━━━ MATERIAL FOR THIS EXERCISE ━━━

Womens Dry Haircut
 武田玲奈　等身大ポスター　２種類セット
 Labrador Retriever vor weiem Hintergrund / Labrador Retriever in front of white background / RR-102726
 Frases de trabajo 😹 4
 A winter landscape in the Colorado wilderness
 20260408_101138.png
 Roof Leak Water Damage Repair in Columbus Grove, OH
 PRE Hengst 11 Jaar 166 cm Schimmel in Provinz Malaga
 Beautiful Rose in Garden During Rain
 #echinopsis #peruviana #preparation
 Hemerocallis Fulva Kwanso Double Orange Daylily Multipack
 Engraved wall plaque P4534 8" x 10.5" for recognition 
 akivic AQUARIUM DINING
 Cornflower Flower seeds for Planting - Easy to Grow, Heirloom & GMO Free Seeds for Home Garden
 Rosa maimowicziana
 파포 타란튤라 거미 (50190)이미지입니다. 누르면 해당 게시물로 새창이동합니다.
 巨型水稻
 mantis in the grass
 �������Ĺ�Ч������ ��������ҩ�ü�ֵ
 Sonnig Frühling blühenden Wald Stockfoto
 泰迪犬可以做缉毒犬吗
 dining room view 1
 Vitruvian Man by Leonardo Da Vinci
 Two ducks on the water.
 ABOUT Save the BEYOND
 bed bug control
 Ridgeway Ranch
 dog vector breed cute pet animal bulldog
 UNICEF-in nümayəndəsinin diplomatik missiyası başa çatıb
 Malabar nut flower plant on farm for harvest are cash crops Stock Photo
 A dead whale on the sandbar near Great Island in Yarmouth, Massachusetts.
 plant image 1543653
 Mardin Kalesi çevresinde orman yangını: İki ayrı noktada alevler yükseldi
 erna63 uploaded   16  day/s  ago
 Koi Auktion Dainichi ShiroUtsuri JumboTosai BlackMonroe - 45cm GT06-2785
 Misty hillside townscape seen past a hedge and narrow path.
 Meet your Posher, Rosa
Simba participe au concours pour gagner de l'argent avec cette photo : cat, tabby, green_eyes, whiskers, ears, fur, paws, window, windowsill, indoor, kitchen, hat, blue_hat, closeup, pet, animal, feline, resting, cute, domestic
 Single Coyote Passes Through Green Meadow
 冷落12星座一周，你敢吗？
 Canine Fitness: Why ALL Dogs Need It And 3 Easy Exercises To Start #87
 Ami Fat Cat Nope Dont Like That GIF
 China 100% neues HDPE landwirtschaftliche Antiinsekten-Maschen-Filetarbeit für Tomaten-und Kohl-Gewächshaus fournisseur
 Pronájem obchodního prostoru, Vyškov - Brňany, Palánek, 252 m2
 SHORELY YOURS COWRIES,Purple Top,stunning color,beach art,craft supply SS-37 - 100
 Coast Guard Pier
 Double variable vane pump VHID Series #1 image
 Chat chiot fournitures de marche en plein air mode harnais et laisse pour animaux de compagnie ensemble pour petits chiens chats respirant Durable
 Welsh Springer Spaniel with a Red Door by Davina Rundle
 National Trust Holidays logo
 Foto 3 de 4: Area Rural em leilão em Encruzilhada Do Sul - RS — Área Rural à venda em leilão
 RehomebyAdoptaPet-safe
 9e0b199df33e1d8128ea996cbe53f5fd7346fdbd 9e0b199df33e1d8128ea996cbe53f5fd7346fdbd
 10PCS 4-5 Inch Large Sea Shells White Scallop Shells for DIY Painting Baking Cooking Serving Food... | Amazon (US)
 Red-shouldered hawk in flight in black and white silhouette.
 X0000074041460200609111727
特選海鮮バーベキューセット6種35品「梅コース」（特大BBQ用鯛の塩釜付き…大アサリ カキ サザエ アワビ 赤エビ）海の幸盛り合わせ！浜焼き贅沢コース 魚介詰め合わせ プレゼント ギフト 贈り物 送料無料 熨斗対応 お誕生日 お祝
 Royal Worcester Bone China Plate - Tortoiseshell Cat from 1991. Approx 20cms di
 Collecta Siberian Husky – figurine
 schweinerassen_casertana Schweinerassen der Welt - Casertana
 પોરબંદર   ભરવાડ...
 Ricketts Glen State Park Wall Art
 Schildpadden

━━━

BRIEF
Show, from the listing above, every line holding the word "Garden".

RESULT OF THE EXERCISE
 Beautiful Rose in Garden During Rain
 Cornflower Flower seeds for Planting - Easy to Grow, Heirloom & GMO Free Seeds for Home Garden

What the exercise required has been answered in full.